◆ WHAT THE TASK ASKS
Give back every entry in full, exactly as it reads.

——

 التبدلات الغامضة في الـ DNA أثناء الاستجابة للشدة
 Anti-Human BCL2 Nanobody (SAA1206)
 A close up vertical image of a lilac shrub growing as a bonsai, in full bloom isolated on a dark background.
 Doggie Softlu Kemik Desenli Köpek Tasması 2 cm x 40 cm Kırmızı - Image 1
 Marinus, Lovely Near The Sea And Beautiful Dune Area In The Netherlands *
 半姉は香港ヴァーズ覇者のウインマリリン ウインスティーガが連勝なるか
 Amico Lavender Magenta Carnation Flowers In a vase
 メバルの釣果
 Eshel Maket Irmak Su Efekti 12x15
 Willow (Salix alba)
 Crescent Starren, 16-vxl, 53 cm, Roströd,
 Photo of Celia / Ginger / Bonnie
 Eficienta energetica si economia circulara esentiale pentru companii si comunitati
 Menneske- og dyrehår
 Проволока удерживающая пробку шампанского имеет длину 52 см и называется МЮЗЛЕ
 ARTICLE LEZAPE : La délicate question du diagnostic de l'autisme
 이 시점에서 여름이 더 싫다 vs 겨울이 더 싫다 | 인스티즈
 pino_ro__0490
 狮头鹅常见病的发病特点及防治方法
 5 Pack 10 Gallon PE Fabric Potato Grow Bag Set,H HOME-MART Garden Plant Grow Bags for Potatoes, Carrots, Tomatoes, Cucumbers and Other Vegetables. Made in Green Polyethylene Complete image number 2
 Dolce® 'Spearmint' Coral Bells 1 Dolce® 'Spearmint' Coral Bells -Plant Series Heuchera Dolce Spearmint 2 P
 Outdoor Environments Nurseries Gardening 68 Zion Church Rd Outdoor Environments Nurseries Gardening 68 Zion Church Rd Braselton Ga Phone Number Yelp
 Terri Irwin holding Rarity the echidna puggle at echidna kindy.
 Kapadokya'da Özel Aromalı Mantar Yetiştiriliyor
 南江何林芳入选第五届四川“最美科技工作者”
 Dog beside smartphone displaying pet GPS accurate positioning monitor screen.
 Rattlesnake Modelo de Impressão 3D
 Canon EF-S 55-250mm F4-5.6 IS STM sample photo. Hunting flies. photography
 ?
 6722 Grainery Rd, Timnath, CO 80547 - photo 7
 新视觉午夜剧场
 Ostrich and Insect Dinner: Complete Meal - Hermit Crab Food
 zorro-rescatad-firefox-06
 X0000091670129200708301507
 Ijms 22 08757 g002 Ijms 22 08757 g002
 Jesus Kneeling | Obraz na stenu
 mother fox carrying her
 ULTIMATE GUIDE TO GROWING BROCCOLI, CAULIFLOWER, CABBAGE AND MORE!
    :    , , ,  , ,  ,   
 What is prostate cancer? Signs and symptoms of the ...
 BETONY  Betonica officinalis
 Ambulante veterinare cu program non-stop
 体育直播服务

——

◆ YOUR RESPONSE
 التبدلات الغامضة في الـ DNA أثناء الاستجابة للشدة
 Anti-Human BCL2 Nanobody (SAA1206)
 A close up vertical image of a lilac shrub growing as a bonsai, in full bloom isolated on a dark background.
 Doggie Softlu Kemik Desenli Köpek Tasması 2 cm x 40 cm Kırmızı - Image 1
 Marinus, Lovely Near The Sea And Beautiful Dune Area In The Netherlands *
 半姉は香港ヴァーズ覇者のウインマリリン ウインスティーガが連勝なるか
 Amico Lavender Magenta Carnation Flowers In a vase
 メバルの釣果
 Eshel Maket Irmak Su Efekti 12x15
 Willow (Salix alba)
 Crescent Starren, 16-vxl, 53 cm, Roströd,
 Photo of Celia / Ginger / Bonnie
 Eficienta energetica si economia circulara esentiale pentru companii si comunitati
 Menneske- og dyrehår
 Проволока удерживающая пробку шампанского имеет длину 52 см и называется МЮЗЛЕ
 ARTICLE LEZAPE : La délicate question du diagnostic de l'autisme
 이 시점에서 여름이 더 싫다 vs 겨울이 더 싫다 | 인스티즈
 pino_ro__0490
 狮头鹅常见病的发病特点及防治方法
 5 Pack 10 Gallon PE Fabric Potato Grow Bag Set,H HOME-MART Garden Plant Grow Bags for Potatoes, Carrots, Tomatoes, Cucumbers and Other Vegetables. Made in Green Polyethylene Complete image number 2
 Dolce® 'Spearmint' Coral Bells 1 Dolce® 'Spearmint' Coral Bells -Plant Series Heuchera Dolce Spearmint 2 P
 Outdoor Environments Nurseries Gardening 68 Zion Church Rd Outdoor Environments Nurseries Gardening 68 Zion Church Rd Braselton Ga Phone Number Yelp
 Terri Irwin holding Rarity the echidna puggle at echidna kindy.
 Kapadokya'da Özel Aromalı Mantar Yetiştiriliyor
 南江何林芳入选第五届四川“最美科技工作者”
 Dog beside smartphone displaying pet GPS accurate positioning monitor screen.
 Rattlesnake Modelo de Impressão 3D
 Canon EF-S 55-250mm F4-5.6 IS STM sample photo. Hunting flies. photography
 ?
 6722 Grainery Rd, Timnath, CO 80547 - photo 7
 新视觉午夜剧场
 Ostrich and Insect Dinner: Complete Meal - Hermit Crab Food
 zorro-rescatad-firefox-06
 X0000091670129200708301507
 Ijms 22 08757 g002 Ijms 22 08757 g002
 Jesus Kneeling | Obraz na stenu
 mother fox carrying her
 ULTIMATE GUIDE TO GROWING BROCCOLI, CAULIFLOWER, CABBAGE AND MORE!
    :    , , ,  , ,  ,   
 What is prostate cancer? Signs and symptoms of the ...
 BETONY  Betonica officinalis
 Ambulante veterinare cu program non-stop
 体育直播服务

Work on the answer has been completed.